Personal information
- Full name: Tim Harrington
- Born: 19 September 1963 (age 62)
- Original team: Oak Park
- Draft: No. 21, 1989 pre-season draft
- Height: 188 cm (6 ft 2 in)
- Weight: 84 kg (185 lb)

Playing career^{1}
- Years: Club / Games (Goals)
- 1984–1986: North Melbourne / 20 (2)
- 1987: Collingwood / 08 (0)
- 1989–1990: Footscray / 18 (0)
- Total:  / 46 (2)
- ^{1} Playing statistics correct to the end of 1990.

= Tim Harrington (footballer) =

Australian rules footballer

Tim Harrington (born 19 September 1963) is a former Australian rules footballer who played with North Melbourne, Collingwood and Footscray in the Victorian/Australian Football League (VFL/AFL).

A defender, used mostly as a full-back, Harrington came to North Melbourne from Oak Park. He played 20 games over three seasons with North Melbourne and then ended his career with stints at Collingwood and Footscray.

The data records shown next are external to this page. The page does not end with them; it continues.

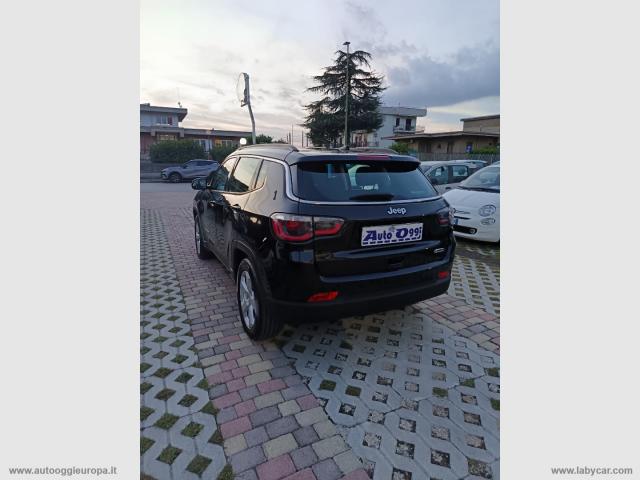 Auto - Jeep compass 1.6 mjt ii 2wd longitude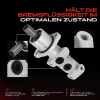 1x Hauptbremszylinder Bremszylinder für Toyota Yaris NCP1 NLP1 SCP1 1.0L 1.3L 1.4L Bild 1x Hauptbremszylinder Bremszylinder für Toyota Yaris NCP1 NLP1 SCP1 1.0L 1.3L 1.4L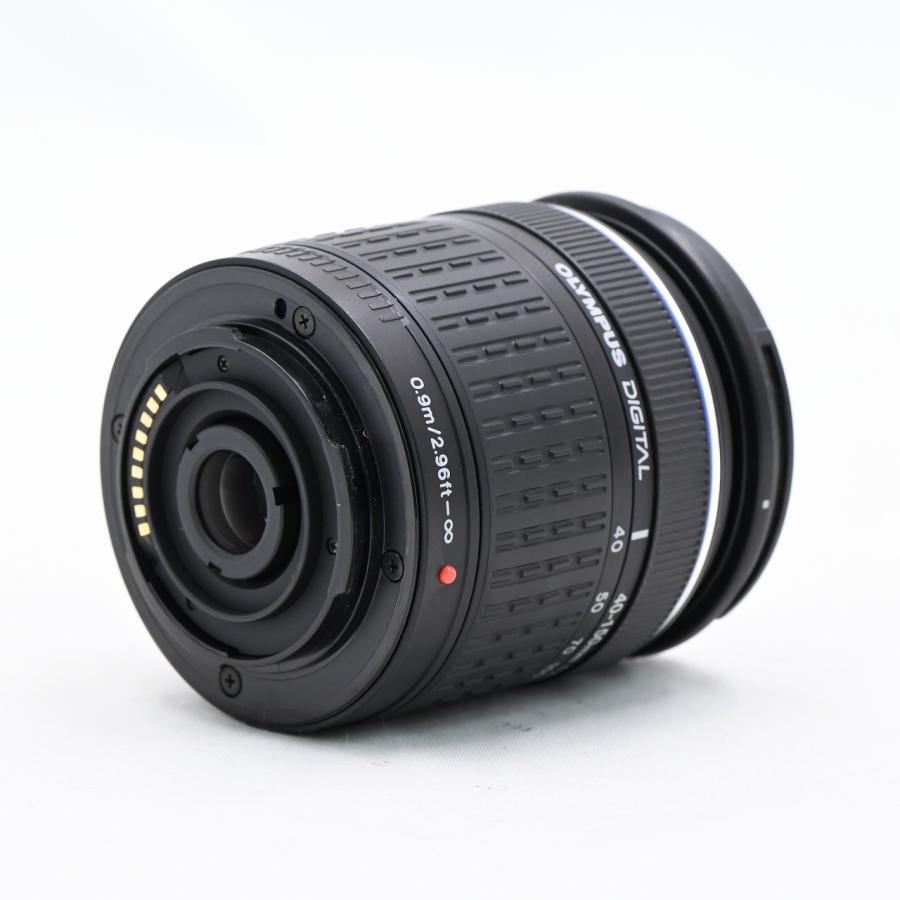 オリンパス OLYMPUS E-420 レンズキット |  | 08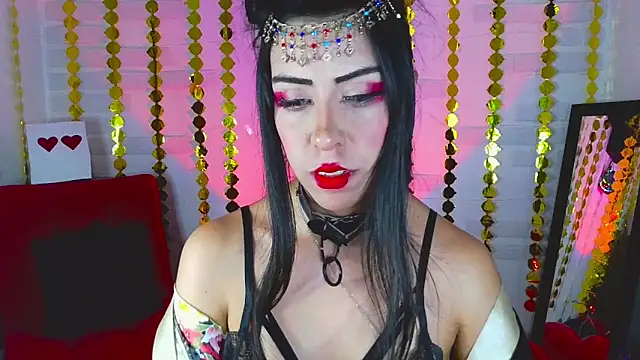 sky girl1 online show from 22, 2, 2025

Footscray hired him as an assistant coach in 1992 and he remained with the club for three years. From 1995 to 2001 he was an assistant coach to Denis Pagan at North Melbourne, during which time they won two premierships. He was then North Melbourne's Football Manager for five years. In 2007 he was made List Manager of North Melbourne and two years later moved over to Melbourne, where he worked until 2013.

Personal life

Following his playing career, Tim and his wife Tricia, had three children, Nicholas, Benjamin and Lucinda. All three of Tim and Tricia’s children are known to be talented musicians in the Melbourne music scene.